Integrating HTTP Basic Authentication with MSXML ISAXXMLReader

C++ No Comments »

At Morningstar, one of my main responsibilities is maintaining and updating the internal Principia production process which involves parsing XML retrieved over HTTP. The HTTP server is changing to require HTTP Basic Authentication, so I had to change the production process accordingly.

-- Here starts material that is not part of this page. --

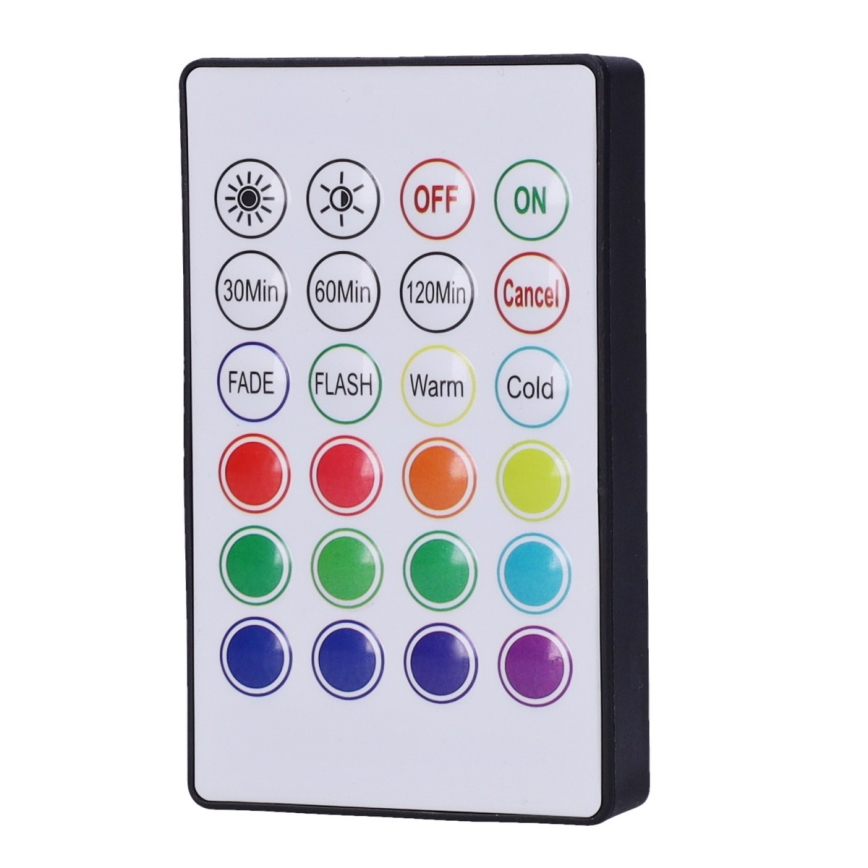 Gamingowe oświetlenie LED RGB z pilotem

With .NET, the changes would be basically trivial - all I would have to do would be to set the WebRequest.Credentials property. The code to load the XML would look something like:

public static XPathNavigator LoadXPath(Uri url, int timeoutMs, ICredentials credentials)
{
    WebRequest request = WebRequest.Create(url);
    request.Timeout = timeoutMs;
    if (credentials != null)
        request.Credentials = credentials;

    WebResponse response = request.GetResponse();
    using (Stream responseStream = response.GetResponseStream())
    {
        XPathDocument doc = new XPathDocument(responseStream);
        XPathNavigator nav = doc.CreateNavigator();
        return nav;
    }
}

However, the production process is written in C++ and uses MSXML’s SAX support through the ISAXXMLReader interface. Previously, retrieving the data from the web server was pretty simple — all I had to do was to call the ISAXXMLReader::parseURL() method. However, this function doesn’t support HTTP Basic Authentication.1 Therefore, I decided to use the ISAXXMLReader::parse() method and try to pass it the most optimal paramater possible: an IStream or ISequentialStream interface pointed at the response from the appropriate, authorized HTTP request.

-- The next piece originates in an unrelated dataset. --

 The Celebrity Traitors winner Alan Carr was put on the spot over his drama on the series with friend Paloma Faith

First, I tried using an IXMLHTTPRequest object, as IXMLHTTPRequest supports authentication using the IXMLHTTPRequest::open() method. This worked, but I eventually decided to move away from it because it didn’t give me full control over the HTTP request, didn’t easily allow me to force circumvention of the HTTP cache, and gave me fewer optimization opportunities (such as HTTP KeepAlive support).

Next, I investigated the Windows HTTP Services (WinHTTP) library but I decided against it because it isn’t ubiqutous across all operating systems and wasn’t supported by the Platform SDK which ships with Visual Studio 6.0.

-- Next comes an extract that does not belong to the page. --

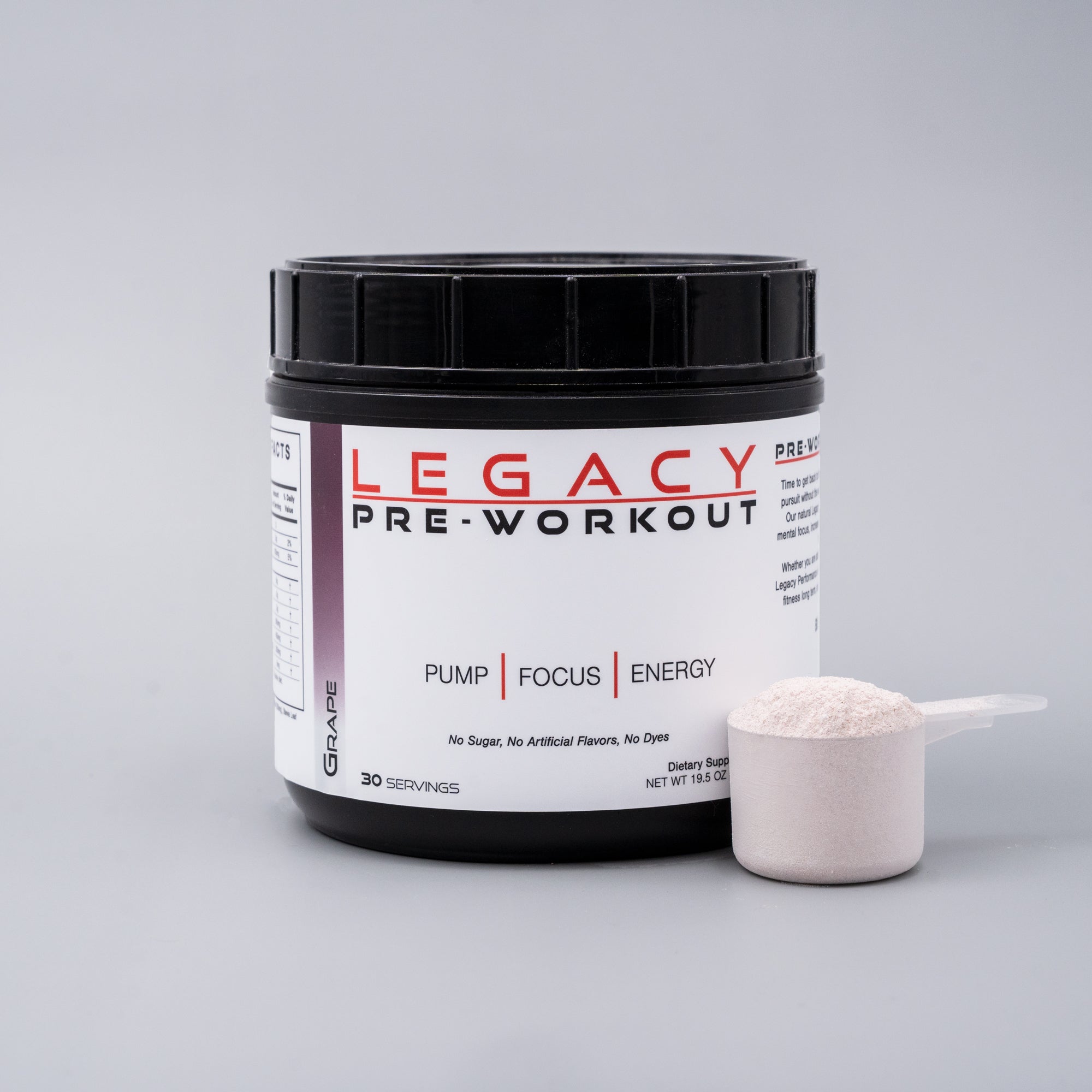 Legacy Pre-Workout | 30 Servings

This led me to finally settle on using the Windows Internet (WinInet) library. This was my first serious use of WinInet, and it seems quite complete, powerful, and very verbose and difficult to work with. The remainder of this post describes how to get an ISequentialStream from a URL using HTTP Basic Authentication over WinInet. I have mostly elided error handling and resource cleanup for brevity.

The first step to using WinInet is to call the InternetOpen() function. There is nothing particularly tricky here, besides remembering that some web servers act differently based on the HTTP agent.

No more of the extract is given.